When we examine a board’s structure, a critical question is whether it has independent directors and if so, how many. These independent directors are supposed to be the custodians providing the check and balance that will ensure transparency and proper implementation of the company’s strategy.
How independent a director is, what relevant skills and experience he can bring to bear in board debate and, last but not least, whether that independent director is willing to generate that debate and, if necessary, disagree vigorously with other board members, is vital to ensure that a board is effective.
Unfortunately, in Asean markets just as in the developed world, the degrees of independence and expertise of listed company directors are often questionable. We were recently forced to investigate the role of independent directors in two companies, one here in Malaysia and one in India.
Both companies made cash purchases of stakes in related party companies. We immediately asked what the rationale behind these purchases was and whether the price paid was a fair one. We were particularly concerned that the decision to do so wasn’t brought to shareholders for a vote.
At a time like this, when demonstrations of good governance are one of the key ways of bringing trust back into the equity markets, these two companies initially completely ignored minority shareholders’ interests. In India, the company was forced to backtrack when investors’ ire at the announcement drove its ADR (American depository receipt) price down by 55%. The company subsequently aborted the deal.
In Malaysia, however, the deal went through. Unfortunately, because the company in question has a high level of foreign ownership, many foreign investors have thrown their hands up in despair with this purchase and with Malaysian equities, frustrated with a management team that they used to think highly of.
We have asked ourselves whether the boards of these companies properly debated the consequences of these proposals for shareholders. Was there sufficient independence of mind? Were sufficient relevant experience and skill brought to bear? Was there a proper and full debate on each board?
We fear not.
In Malaysia, you may well come across the following sorts of directors listed in annual reports: independent non-executive, non-independent non-executive, and non-independent executive. If the titles are confusing you, you are not alone! But nomenclature aside, the key issue is what value these sorts of directors add to a board and what risks they can pose for it. Viewed from that perspective, one of the most potentially contentious is the non-independent non-executive director, or NiNeD in short.

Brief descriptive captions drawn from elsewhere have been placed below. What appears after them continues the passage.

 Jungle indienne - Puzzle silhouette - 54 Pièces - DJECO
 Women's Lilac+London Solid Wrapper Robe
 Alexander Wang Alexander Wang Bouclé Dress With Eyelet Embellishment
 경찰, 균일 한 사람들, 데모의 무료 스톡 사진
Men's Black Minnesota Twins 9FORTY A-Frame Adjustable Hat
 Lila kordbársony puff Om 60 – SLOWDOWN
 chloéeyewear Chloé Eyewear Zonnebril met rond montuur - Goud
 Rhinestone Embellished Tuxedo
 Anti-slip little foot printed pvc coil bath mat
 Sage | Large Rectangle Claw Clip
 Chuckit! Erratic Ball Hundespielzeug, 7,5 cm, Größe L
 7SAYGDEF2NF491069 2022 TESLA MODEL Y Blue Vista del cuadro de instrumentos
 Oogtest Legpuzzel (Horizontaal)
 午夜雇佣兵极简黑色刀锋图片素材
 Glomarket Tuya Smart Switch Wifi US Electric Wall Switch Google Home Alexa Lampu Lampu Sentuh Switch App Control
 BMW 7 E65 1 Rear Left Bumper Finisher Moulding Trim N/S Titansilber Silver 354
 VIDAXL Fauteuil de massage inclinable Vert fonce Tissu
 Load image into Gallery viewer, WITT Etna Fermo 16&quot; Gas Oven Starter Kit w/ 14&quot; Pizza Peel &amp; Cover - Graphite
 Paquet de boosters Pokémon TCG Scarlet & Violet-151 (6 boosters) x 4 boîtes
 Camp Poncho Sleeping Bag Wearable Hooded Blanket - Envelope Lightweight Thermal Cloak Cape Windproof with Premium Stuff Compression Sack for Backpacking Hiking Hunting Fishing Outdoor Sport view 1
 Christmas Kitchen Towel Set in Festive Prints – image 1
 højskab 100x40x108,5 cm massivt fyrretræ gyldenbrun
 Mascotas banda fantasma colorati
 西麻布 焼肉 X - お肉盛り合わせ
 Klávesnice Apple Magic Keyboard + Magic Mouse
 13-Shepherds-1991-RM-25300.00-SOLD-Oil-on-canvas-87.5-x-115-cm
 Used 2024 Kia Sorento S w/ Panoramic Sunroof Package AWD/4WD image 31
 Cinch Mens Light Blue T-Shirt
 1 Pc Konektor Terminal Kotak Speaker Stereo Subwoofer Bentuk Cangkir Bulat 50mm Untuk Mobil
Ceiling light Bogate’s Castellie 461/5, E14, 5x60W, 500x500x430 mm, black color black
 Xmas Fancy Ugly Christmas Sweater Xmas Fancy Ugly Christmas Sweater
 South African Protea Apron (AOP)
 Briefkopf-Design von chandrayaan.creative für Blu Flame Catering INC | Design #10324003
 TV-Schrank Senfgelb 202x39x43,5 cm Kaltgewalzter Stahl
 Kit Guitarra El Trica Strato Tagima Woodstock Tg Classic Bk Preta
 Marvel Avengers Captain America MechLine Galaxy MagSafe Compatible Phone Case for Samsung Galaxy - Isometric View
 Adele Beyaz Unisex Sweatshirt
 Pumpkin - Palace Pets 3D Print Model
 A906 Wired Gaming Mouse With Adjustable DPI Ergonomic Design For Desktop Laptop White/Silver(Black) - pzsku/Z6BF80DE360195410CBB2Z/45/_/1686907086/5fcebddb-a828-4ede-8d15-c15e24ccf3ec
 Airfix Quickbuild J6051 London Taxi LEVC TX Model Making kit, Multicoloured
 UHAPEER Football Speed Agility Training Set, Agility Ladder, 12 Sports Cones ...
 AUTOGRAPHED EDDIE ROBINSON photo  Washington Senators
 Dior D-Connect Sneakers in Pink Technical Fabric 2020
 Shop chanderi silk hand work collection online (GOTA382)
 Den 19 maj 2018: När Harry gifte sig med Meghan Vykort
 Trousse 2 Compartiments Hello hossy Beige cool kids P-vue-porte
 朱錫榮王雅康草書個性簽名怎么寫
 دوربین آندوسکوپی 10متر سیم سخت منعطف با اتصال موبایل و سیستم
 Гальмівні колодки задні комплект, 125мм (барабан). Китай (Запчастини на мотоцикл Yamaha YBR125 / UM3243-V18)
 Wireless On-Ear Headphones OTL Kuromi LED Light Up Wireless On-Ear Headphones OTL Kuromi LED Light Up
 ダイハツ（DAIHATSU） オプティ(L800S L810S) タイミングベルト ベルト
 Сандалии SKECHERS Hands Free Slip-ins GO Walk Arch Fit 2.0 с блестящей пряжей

During our visits, we have held many discussions with companies in Asean about their NiNeDs. Some of these raised red flags for us, such as the telecommunications company whose NiNeD was involved in deciding on procurement decisions. We had to question whether these decisions were always in the best interests of the company and whether contracts were inappropriately awarded to a related party.
Another interesting case involved a NiNeD closely involved in product development decisions. Given that the NiNeD represented a major shareholder, we felt there was a real danger of conflict of interests. For minority shareholders, the danger that such a director will attempt to steer the company in a direction that might not be in the interests of minority shareholders is significant.
In fact, the presence of NiNeDs can be misleading, making it look as though the board is more robust in form, though in fact it is actually less robust in substance. Going forward, we would suggest that board members should try to ensure that NiNeDs do not exceed their authority and that there are checks and balances built in through board committees with a majority of independent directors who can ensure that the board and the company’s management make decisions that are truly in the interests of all investors. Some NiNEDs can bring useful skills, but boards do not serve themselves well by institutionalising conflicts of interest.
At a time like this, when investors are running scared and regulators and governments are scrambling to restore confidence in the world’s capital markets and in the companies that are the underpinning of our economic systems, having a robust and appropriate board structure and directors who are free of conflict and persons of integrity is something that companies have direct control over.
They must take that control because the current crisis has evolved from a financial crisis to a worldwide confidence crisis. Poor governance and the ensuing lack of investor confidence have taken the market down.
Strong governance resulting from strong boards can help take the market back up.